I’d tried, but fear and probably a bit of shame had always been in the back of my mind, keeping me from being able to get there.

Anders had managed it without even undressing me, sitting on a towel on the beach with our friends less than ten feet away.

He’s still waiting for an answer, though, so I nod. “Okay.”

We start gathering up our things.

It’s late, and everyone is getting ready to leave.

I watch as Hana puts on Aiden’s helmet and then climbs on the back of his Harley.

I don’t know what she’s doing, but there’s something going on with her. At some point, we’ll have to talk about it, because I’m worried, but not now.

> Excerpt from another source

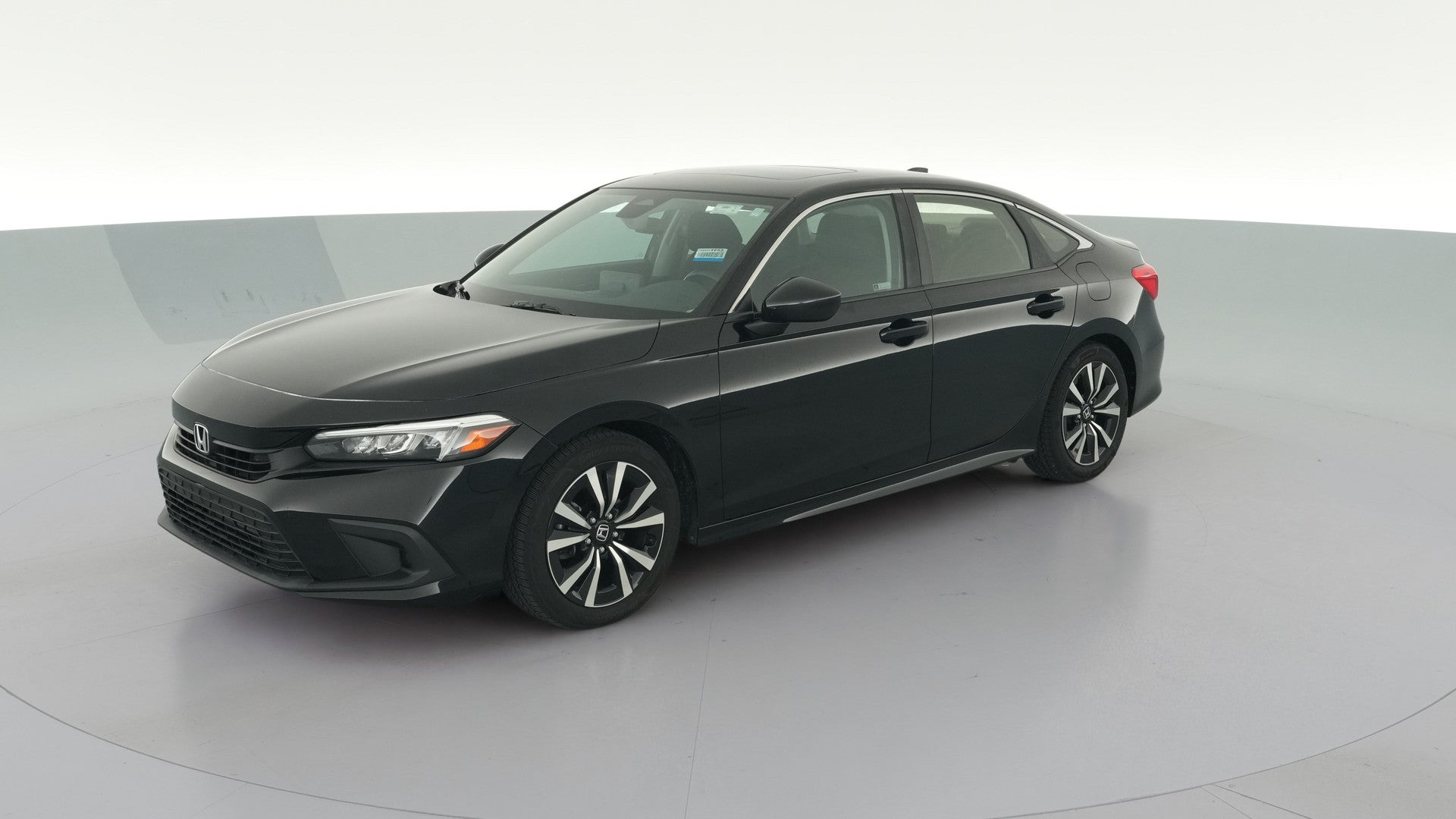 2022 Honda Civic vehicle photo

Ten minutes later, Anders and I are in his Corvette heading south to Fort Lauderdale. I’m tired from a day in the sun and the ocean but exhilarated at the same time. Being in Anders’ convertible makes me feel young and free, like I don’t have a care in the world. Which isn’t like me. But it’s not like me to hump a guy’s erection on a beach blanket in public either.

I feel silly, because I know everything about what I’m doing is a bad idea.

I just can’t bring myself to care.

He’s got one hand wrapped around one of mine, there’s a Kelly Clarkson song on the radio, and the wind is whipping through my hair.

I close my eyes and lean back in the seat.

“You tired, sweetheart?” he asks in his soft, deep voice.

“No. Just relaxed. And happy. Which isn’t a common thing for me.”

Saying it out loud makes me realize how pathetic that sounds.

“How come?”

“I don’t know.” I turn to gaze at him, taking in his strong profile and handsome face. “I’ve always been hyper focused on something. School, internships, job hunting. I’ve always had a plan.”